From: Andrea Arcangeli <aarcange@redhat.com>
To: qemu-devel@nongnu.org, kvm@vger.kernel.org,
linux-kernel@vger.kernel.org, linux-mm@kvack.org,
linux-api@vger.kernel.org
Cc: Linus Torvalds <torvalds@linux-foundation.org>,
Andres Lagar-Cavilla <andreslc@google.com>,
Dave Hansen <dave@sr71.net>, Paolo Bonzini <pbonzini@redhat.com>,
Rik van Riel <riel@redhat.com>, Mel Gorman <mgorman@suse.de>,
Andy Lutomirski <luto@amacapital.net>,
Andrew Morton <akpm@linux-foundation.org>,
Sasha Levin <sasha.levin@oracle.com>,
Hugh Dickins <hughd@google.com>,
Peter Feiner <pfeiner@google.com>,
"\\\"Dr. David Alan Gilbert\\\"" <dgilbert@redhat.com>,
Christopher Covington <cov@codeaurora.org>,
Johannes Weiner <hannes@cmpxchg.org>,
Android Kernel Team <kernel-team@android.com>,
Robert Love <rlove@google.com>,
Dmitry Adamushko <dmitry.adamushko@gmail.com>,
Neil Brown <neilb@suse.de>, Mike Hommey <mh@glandium.org>,
Taras Glek <tglek@mozilla.com>, Jan Kara <jack@suse.cz>,
KOSAKI Motohiro <kosaki.motohiro@gmail.com>,
Michel Lespinasse <walken@google.com>,
Minchan Kim <minchan@kernel.org>,
Keith Packard <keithp@keithp.com>,
"Huangpeng (Peter)" <peter.huangpeng@huawei.com>,
Isaku Yamahata <yamahata@valinux.co.jp>,
Anthony Liguori <anthony@codemonkey.ws>,
Stefan Hajnoczi <stefanha@gmail.com>,
Wenchao Xia <wenchaoqemu@gmail.com>,
Andrew Jones <drjones@redhat.com>,
Juan Quintela <quintela@redhat.com>
Subject: [PATCH 10/17] mm: rmap preparation for remap_anon_pages
Date: Fri, 3 Oct 2014 19:08:00 +0200 [thread overview]

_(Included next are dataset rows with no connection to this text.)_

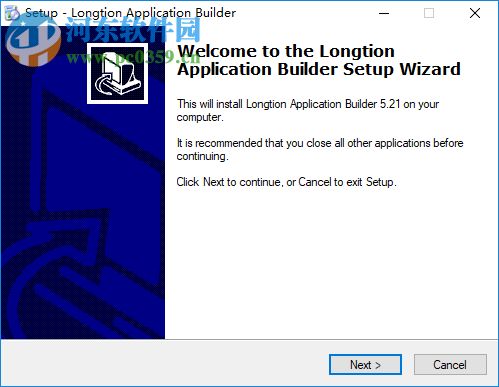 Longtion Application Builder(数据库设计软件) 5.21.0.720 免费版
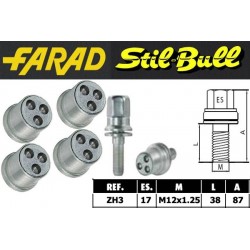 Farad Stil Bull Bulloni...
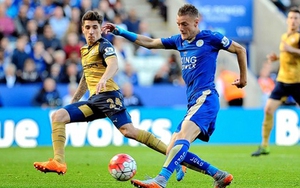 19h00, sân Emirates, Arsenal – Leicester: Emirates - điểm cuối Tourmalet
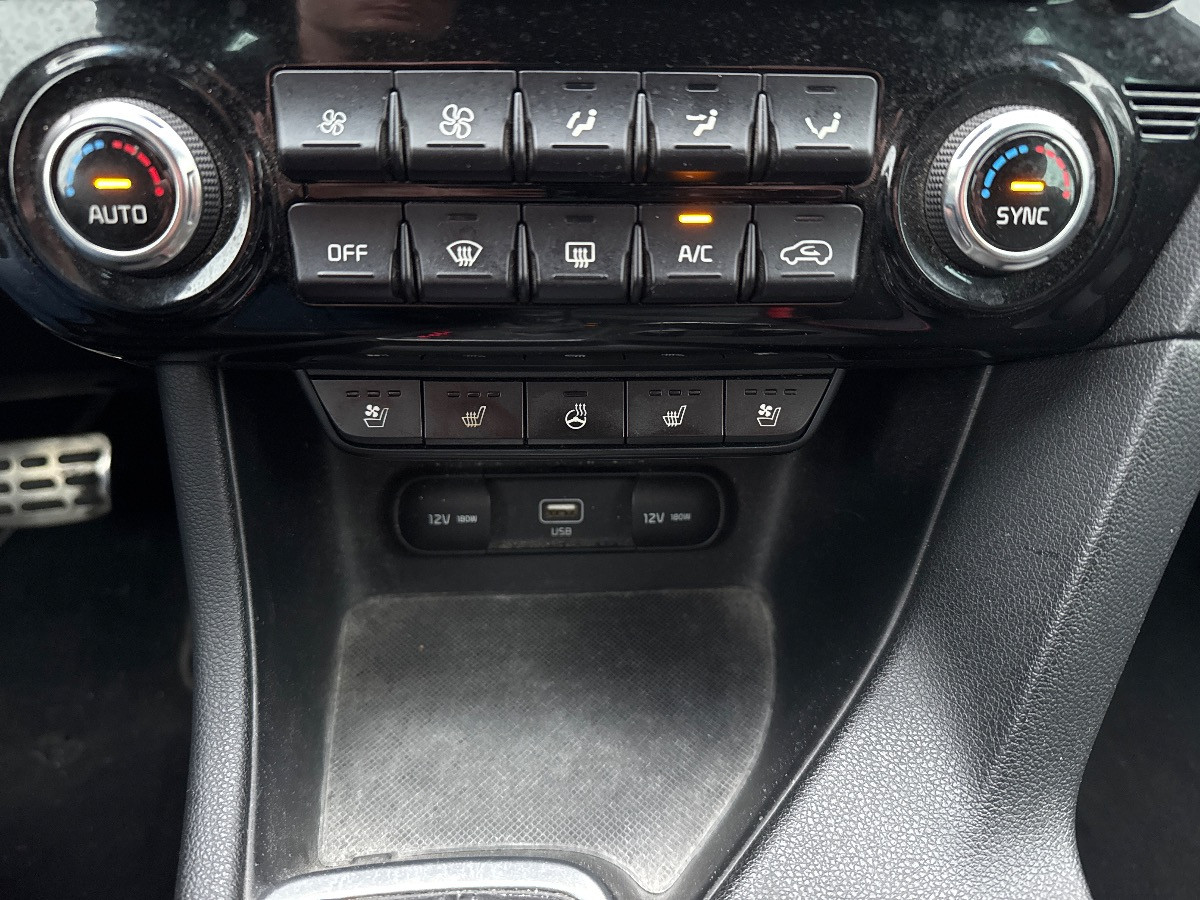 Kia Sportage Usato 2018 Sportage Mestre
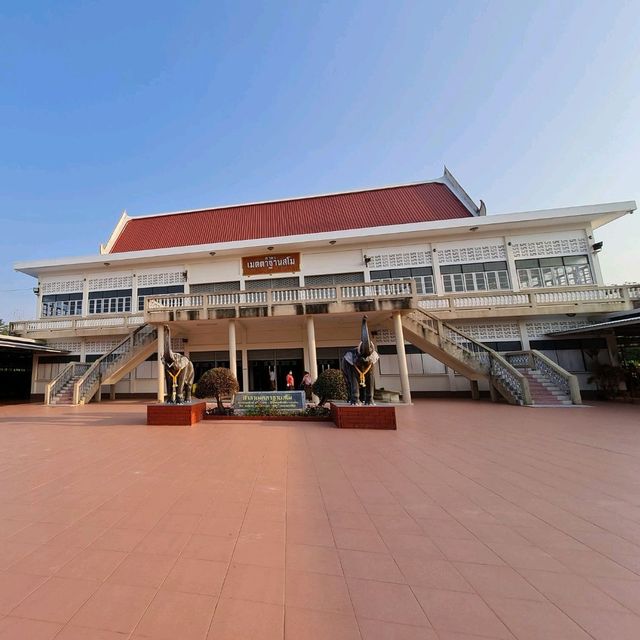 วัดป่าสัมมานุสรณ์ (วัดเหนือ)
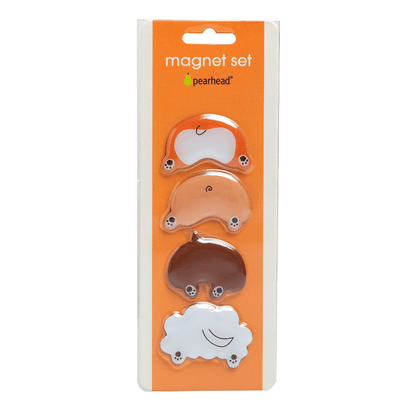 Novelty Dog Butt Magnets
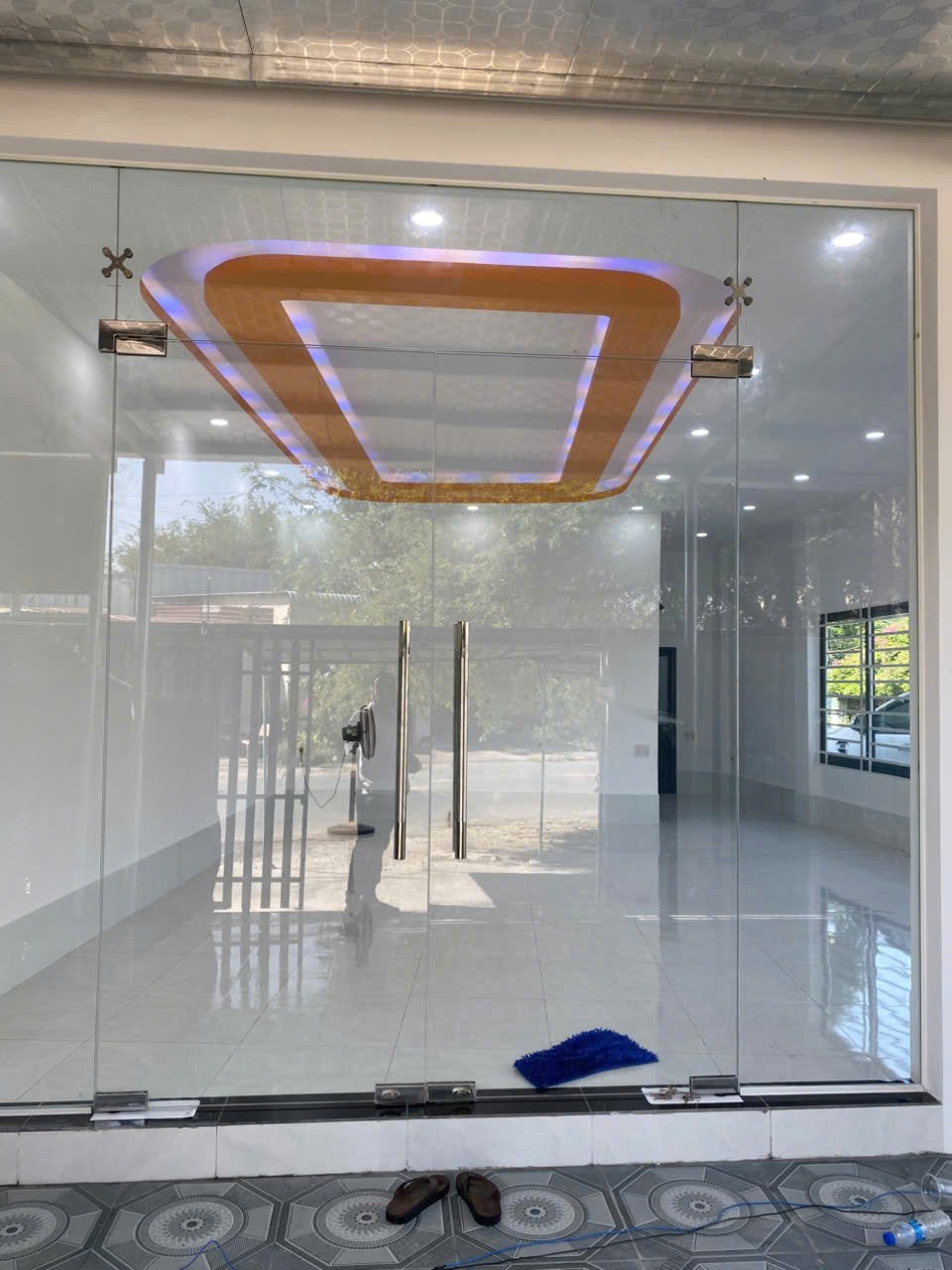 Nhà 2 Mặt Tiền Củ Chi - Ngay KCN Tây Bắc, Giá 3.2 Tỷ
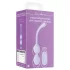 Loveline - Vibrating Kegel Duo (Purple)
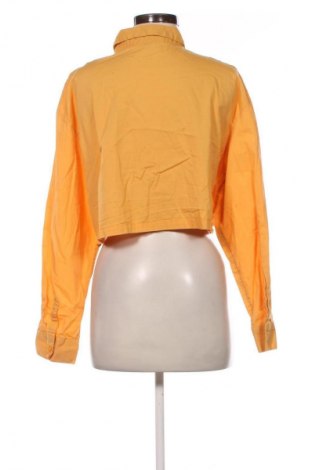 Damenbluse H&M Divided, Größe M, Farbe Gelb, Preis 12,79 €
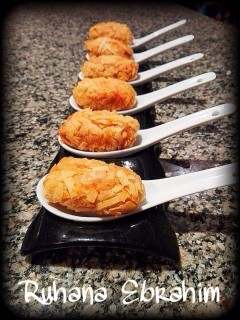 Thread Chicken Croquettes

Message-ID: <1412356087-16115-11-git-send-email-aarcange@redhat.com> (raw)
In-Reply-To: <1412356087-16115-1-git-send-email-aarcange@redhat.com>
remap_anon_pages (unlike remap_file_pages) tries to be non intrusive
in the rmap code.
As far as the rmap code is concerned, rmap_anon_pages only alters the
page->mapping and page->index. It does it while holding the page
lock. However there are a few places that in presence of anon pages
are allowed to do rmap walks without the page lock (split_huge_page
and page_referenced_anon). Those places that are doing rmap walks
without taking the page lock first, must be updated to re-check that
the page->mapping didn't change after they obtained the anon_vma
lock. remap_anon_pages takes the anon_vma lock for writing before
altering the page->mapping, so if the page->mapping is still the same
after obtaining the anon_vma lock (without the page lock), the rmap
walks can go ahead safely (and remap_anon_pages will wait them to
complete before proceeding).
remap_anon_pages serializes against itself with the page lock.
All other places taking the anon_vma lock while holding the mmap_sem
for writing, don't need to check if the page->mapping has changed
after taking the anon_vma lock, regardless of the page lock, because
remap_anon_pages holds the mmap_sem for reading.
Overall this looks a fairly small change to the rmap code, notably
less intrusive than the nonlinear vmas created by remap_file_pages.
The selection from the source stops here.